What you will do:
Reproduce every entry exactly, without alteration.

Data for this exercise:
☆ ☆ ☆ ☆ ☆ ☆ ☆

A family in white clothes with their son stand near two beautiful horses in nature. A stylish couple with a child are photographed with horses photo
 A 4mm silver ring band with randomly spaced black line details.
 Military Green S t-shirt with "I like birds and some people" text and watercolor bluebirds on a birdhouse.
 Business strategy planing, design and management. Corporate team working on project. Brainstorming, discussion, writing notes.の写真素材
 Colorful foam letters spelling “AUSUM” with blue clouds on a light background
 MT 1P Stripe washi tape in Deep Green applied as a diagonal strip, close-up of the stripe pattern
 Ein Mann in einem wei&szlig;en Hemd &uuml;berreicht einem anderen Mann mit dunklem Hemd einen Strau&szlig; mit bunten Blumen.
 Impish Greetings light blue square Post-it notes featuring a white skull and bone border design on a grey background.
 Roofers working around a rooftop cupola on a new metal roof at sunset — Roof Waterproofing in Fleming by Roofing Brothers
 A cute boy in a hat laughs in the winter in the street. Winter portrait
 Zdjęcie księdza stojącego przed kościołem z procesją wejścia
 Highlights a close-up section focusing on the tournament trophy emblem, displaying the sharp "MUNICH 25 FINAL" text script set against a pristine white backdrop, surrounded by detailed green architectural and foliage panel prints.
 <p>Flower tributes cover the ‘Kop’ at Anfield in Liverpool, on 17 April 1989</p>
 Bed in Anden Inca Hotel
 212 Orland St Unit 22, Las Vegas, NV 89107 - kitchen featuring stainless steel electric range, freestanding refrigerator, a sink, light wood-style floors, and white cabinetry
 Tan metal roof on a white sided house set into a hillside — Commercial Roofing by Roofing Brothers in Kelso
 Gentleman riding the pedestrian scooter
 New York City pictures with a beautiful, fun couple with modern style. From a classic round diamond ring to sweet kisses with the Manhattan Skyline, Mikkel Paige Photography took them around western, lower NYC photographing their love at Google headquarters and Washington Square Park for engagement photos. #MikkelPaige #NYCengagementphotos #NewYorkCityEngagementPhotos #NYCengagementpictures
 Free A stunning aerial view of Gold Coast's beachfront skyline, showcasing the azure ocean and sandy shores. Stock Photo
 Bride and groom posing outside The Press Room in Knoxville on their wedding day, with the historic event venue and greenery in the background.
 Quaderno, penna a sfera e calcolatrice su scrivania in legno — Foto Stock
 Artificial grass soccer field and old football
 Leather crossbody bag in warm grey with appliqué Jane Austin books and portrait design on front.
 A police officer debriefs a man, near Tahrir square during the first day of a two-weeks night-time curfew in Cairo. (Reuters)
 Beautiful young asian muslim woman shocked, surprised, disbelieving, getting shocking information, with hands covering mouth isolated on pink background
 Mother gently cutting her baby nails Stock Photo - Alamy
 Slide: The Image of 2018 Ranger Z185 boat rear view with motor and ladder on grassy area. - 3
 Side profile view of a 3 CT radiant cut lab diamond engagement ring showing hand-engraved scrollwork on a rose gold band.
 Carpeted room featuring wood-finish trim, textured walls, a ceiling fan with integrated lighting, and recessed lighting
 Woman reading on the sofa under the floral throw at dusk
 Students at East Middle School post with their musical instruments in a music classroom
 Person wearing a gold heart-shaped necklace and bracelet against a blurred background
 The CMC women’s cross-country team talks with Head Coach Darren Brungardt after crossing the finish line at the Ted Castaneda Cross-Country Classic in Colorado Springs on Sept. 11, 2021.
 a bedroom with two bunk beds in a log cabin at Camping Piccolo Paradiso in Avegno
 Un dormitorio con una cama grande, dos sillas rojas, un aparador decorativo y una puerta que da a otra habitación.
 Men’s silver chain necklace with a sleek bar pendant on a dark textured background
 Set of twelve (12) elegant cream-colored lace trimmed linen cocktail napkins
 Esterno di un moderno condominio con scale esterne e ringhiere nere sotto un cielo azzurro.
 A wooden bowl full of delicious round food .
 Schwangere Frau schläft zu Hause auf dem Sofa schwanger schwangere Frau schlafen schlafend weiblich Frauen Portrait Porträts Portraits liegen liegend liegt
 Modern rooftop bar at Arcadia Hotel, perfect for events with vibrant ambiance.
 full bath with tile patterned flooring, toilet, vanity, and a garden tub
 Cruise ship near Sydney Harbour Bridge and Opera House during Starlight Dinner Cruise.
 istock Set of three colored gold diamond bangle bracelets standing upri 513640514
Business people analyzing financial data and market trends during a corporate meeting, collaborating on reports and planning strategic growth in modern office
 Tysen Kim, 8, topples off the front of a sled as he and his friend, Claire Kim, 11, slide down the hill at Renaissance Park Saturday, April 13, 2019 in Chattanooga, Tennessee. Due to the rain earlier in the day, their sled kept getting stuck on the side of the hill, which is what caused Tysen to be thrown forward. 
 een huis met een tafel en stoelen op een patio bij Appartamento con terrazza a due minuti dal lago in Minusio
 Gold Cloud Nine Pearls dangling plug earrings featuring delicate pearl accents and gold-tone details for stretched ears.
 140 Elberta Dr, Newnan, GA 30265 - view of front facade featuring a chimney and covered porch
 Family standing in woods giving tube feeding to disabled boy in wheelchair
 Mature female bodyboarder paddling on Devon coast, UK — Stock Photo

☆ ☆ ☆ ☆ ☆ ☆ ☆

Answer to this exercise:
A family in white clothes with their son stand near two beautiful horses in nature. A stylish couple with a child are photographed with horses photo
 A 4mm silver ring band with randomly spaced black line details.
 Military Green S t-shirt with "I like birds and some people" text and watercolor bluebirds on a birdhouse.
 Business strategy planing, design and management. Corporate team working on project. Brainstorming, discussion, writing notes.の写真素材
 Colorful foam letters spelling “AUSUM” with blue clouds on a light background
 MT 1P Stripe washi tape in Deep Green applied as a diagonal strip, close-up of the stripe pattern
 Ein Mann in einem wei&szlig;en Hemd &uuml;berreicht einem anderen Mann mit dunklem Hemd einen Strau&szlig; mit bunten Blumen.
 Impish Greetings light blue square Post-it notes featuring a white skull and bone border design on a grey background.
 Roofers working around a rooftop cupola on a new metal roof at sunset — Roof Waterproofing in Fleming by Roofing Brothers
 A cute boy in a hat laughs in the winter in the street. Winter portrait
 Zdjęcie księdza stojącego przed kościołem z procesją wejścia
 Highlights a close-up section focusing on the tournament trophy emblem, displaying the sharp "MUNICH 25 FINAL" text script set against a pristine white backdrop, surrounded by detailed green architectural and foliage panel prints.
 <p>Flower tributes cover the ‘Kop’ at Anfield in Liverpool, on 17 April 1989</p>
 Bed in Anden Inca Hotel
 212 Orland St Unit 22, Las Vegas, NV 89107 - kitchen featuring stainless steel electric range, freestanding refrigerator, a sink, light wood-style floors, and white cabinetry
 Tan metal roof on a white sided house set into a hillside — Commercial Roofing by Roofing Brothers in Kelso
 Gentleman riding the pedestrian scooter
 New York City pictures with a beautiful, fun couple with modern style. From a classic round diamond ring to sweet kisses with the Manhattan Skyline, Mikkel Paige Photography took them around western, lower NYC photographing their love at Google headquarters and Washington Square Park for engagement photos. #MikkelPaige #NYCengagementphotos #NewYorkCityEngagementPhotos #NYCengagementpictures
 Free A stunning aerial view of Gold Coast's beachfront skyline, showcasing the azure ocean and sandy shores. Stock Photo
 Bride and groom posing outside The Press Room in Knoxville on their wedding day, with the historic event venue and greenery in the background.
 Quaderno, penna a sfera e calcolatrice su scrivania in legno — Foto Stock
 Artificial grass soccer field and old football
 Leather crossbody bag in warm grey with appliqué Jane Austin books and portrait design on front.
 A police officer debriefs a man, near Tahrir square during the first day of a two-weeks night-time curfew in Cairo. (Reuters)
 Beautiful young asian muslim woman shocked, surprised, disbelieving, getting shocking information, with hands covering mouth isolated on pink background
 Mother gently cutting her baby nails Stock Photo - Alamy
 Slide: The Image of 2018 Ranger Z185 boat rear view with motor and ladder on grassy area. - 3
 Side profile view of a 3 CT radiant cut lab diamond engagement ring showing hand-engraved scrollwork on a rose gold band.
 Carpeted room featuring wood-finish trim, textured walls, a ceiling fan with integrated lighting, and recessed lighting
 Woman reading on the sofa under the floral throw at dusk
 Students at East Middle School post with their musical instruments in a music classroom
 Person wearing a gold heart-shaped necklace and bracelet against a blurred background
 The CMC women’s cross-country team talks with Head Coach Darren Brungardt after crossing the finish line at the Ted Castaneda Cross-Country Classic in Colorado Springs on Sept. 11, 2021.
 a bedroom with two bunk beds in a log cabin at Camping Piccolo Paradiso in Avegno
 Un dormitorio con una cama grande, dos sillas rojas, un aparador decorativo y una puerta que da a otra habitación.
 Men’s silver chain necklace with a sleek bar pendant on a dark textured background
 Set of twelve (12) elegant cream-colored lace trimmed linen cocktail napkins
 Esterno di un moderno condominio con scale esterne e ringhiere nere sotto un cielo azzurro.
 A wooden bowl full of delicious round food .
 Schwangere Frau schläft zu Hause auf dem Sofa schwanger schwangere Frau schlafen schlafend weiblich Frauen Portrait Porträts Portraits liegen liegend liegt
 Modern rooftop bar at Arcadia Hotel, perfect for events with vibrant ambiance.
 full bath with tile patterned flooring, toilet, vanity, and a garden tub
 Cruise ship near Sydney Harbour Bridge and Opera House during Starlight Dinner Cruise.
 istock Set of three colored gold diamond bangle bracelets standing upri 513640514
Business people analyzing financial data and market trends during a corporate meeting, collaborating on reports and planning strategic growth in modern office
 Tysen Kim, 8, topples off the front of a sled as he and his friend, Claire Kim, 11, slide down the hill at Renaissance Park Saturday, April 13, 2019 in Chattanooga, Tennessee. Due to the rain earlier in the day, their sled kept getting stuck on the side of the hill, which is what caused Tysen to be thrown forward. 
 een huis met een tafel en stoelen op een patio bij Appartamento con terrazza a due minuti dal lago in Minusio
 Gold Cloud Nine Pearls dangling plug earrings featuring delicate pearl accents and gold-tone details for stretched ears.
 140 Elberta Dr, Newnan, GA 30265 - view of front facade featuring a chimney and covered porch
 Family standing in woods giving tube feeding to disabled boy in wheelchair
 Mature female bodyboarder paddling on Devon coast, UK — Stock Photo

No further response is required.